Multiple fixes were discussed in our team meetings such as blocking user accounts after three wrong attempts which will delay or may stop the attack and also using Recaptcha api. but these fixes have to be implemented in our application and tested which will take several days.

As our web application is deployed on GKE (Google Kubernetes Engine) and as we need to protect websites against these types of attacks we have to dig into google cloud platform services and google Cloud Armor seems to be the most appropriate one for this situation.

Google Cloud Armor is an enterprise-grade DDOS defense service and web application firewall. It also proposes predefined rules to help defend against attacks such as cross-site scripting (XSS) and SQL injection (SQLi) attacks.

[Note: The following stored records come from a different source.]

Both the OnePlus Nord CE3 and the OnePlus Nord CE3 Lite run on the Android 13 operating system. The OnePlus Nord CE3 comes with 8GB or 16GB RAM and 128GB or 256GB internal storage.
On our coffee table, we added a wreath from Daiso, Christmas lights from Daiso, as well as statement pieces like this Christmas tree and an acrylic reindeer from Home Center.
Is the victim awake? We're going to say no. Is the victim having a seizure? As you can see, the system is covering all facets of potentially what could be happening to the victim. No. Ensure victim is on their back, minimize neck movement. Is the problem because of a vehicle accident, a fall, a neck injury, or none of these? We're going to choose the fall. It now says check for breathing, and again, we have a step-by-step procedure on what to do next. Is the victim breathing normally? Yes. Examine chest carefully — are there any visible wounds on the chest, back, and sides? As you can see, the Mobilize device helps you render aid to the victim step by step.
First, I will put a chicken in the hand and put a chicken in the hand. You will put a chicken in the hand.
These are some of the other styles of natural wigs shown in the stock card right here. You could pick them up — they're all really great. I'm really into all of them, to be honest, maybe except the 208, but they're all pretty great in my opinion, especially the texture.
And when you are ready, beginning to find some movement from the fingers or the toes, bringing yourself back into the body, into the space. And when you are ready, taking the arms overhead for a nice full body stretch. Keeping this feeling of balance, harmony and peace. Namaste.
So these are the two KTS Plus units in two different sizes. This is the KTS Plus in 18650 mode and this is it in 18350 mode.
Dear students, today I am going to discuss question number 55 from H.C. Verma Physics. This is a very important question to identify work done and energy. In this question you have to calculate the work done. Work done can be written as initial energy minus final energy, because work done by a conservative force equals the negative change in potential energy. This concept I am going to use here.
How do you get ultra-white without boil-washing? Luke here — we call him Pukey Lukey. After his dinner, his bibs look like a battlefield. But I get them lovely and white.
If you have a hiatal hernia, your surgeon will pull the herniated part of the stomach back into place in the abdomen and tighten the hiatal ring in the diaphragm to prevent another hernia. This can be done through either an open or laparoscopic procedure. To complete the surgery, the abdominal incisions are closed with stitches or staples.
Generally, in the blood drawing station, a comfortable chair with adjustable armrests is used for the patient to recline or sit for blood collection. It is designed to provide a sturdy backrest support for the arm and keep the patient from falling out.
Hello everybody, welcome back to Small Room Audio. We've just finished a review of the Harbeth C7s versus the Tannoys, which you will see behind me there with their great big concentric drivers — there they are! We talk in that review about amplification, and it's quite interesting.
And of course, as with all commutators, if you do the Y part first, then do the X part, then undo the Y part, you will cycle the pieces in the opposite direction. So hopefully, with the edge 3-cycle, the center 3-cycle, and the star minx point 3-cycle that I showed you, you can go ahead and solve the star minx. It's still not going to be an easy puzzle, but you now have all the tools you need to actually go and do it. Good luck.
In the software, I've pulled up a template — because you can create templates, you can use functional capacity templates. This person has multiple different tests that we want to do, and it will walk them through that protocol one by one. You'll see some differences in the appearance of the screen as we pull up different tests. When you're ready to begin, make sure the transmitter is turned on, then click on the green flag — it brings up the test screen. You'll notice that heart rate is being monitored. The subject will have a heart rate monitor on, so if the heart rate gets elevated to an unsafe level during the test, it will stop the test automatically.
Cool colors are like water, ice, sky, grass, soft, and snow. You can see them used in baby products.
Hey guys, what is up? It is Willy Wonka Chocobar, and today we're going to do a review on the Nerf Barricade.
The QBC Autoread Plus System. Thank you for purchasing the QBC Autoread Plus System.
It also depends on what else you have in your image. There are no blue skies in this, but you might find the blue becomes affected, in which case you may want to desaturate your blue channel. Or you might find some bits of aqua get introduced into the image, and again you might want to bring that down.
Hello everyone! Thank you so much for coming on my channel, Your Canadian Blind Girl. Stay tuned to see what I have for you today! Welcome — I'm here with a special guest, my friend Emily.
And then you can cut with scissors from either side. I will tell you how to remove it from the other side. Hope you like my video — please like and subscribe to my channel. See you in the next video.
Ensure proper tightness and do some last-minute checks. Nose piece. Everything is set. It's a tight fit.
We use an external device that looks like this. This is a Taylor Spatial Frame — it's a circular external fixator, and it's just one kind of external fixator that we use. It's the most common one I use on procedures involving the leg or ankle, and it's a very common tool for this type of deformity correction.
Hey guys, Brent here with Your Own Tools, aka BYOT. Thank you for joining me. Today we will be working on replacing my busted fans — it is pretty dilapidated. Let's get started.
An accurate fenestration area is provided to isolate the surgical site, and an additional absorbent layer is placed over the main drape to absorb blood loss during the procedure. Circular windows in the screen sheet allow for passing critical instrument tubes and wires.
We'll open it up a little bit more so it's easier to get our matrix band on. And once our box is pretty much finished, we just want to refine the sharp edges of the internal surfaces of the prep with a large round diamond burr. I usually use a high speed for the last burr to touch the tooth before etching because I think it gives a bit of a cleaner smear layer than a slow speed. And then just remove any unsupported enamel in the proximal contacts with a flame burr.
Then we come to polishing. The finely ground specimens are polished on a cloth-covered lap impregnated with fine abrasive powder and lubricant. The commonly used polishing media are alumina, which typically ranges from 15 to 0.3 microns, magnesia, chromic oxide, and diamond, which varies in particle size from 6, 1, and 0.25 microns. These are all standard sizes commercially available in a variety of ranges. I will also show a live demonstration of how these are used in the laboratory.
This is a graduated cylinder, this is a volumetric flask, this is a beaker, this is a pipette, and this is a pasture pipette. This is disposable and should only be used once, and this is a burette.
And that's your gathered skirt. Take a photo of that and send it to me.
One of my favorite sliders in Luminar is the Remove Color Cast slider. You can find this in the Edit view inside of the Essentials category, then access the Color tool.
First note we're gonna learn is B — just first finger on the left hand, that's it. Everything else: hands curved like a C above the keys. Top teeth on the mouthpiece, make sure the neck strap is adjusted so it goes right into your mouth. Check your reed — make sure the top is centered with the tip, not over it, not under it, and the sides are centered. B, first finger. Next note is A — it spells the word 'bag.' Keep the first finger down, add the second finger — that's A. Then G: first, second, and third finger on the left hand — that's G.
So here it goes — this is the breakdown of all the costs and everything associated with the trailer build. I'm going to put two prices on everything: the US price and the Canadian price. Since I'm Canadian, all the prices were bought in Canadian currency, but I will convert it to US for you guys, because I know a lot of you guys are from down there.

As for configuring cloud Armor, which is easy to configure by the way, we were unable to use predefined rules for our web application. The website was exposed via an ingress which seems to be fine but it was an nginx ingress controller which generates a Google Cloud TCP Load balancer. In fact google cloud armor could be integrated only with google cloud http load balancer L7. To do so we have to transform our ingress with nginx ingress into http load balancer.

Fortunately all Nginx ingress annotations could be configured in the http load balancer like custom request headers, custom response headers, rewrite path and so on.

Our GKE pods will be the backend of our Load balancer and to configure this we have to work with network endpoint groups (NEG).

To create our network endpoint groups we add cloud.google.com/neg annotation to Kubernetes service in which we specify the neg name and pod’s port.

apiVersion: v1
kind: Service
metadata:
name: my-service
annotations:
cloud.google.com/neg: '{"exposed_ports": {"80":{"name": "my-neg"}}}'
spec:
selector:
k8s-app: my-app
ports:
- name: http-port
port: 80
targetPort: 8080
protocol: TCP
  • After adding annotation in service yaml the network endpoint group is created automatically
network endpoint group generated automatically after adding annotation in the service
Network Endpoint Group (Neg)
  • after that we have to configure the http load balancer with network endpoint group as backend, so in the backend type we have to choose as backend type Zonal network endpoint group
For GKE backends we have to pick Zonal network endpoint group as backend type for our LB
Google cloud http load balancer backend type

finally we pick the network endpoint groups created before

Google cloud http load balancer backend service

Creating http load balancer with zonal network endpoint groups backend service makes it possible for us to configure google cloud Armor with predefined rules.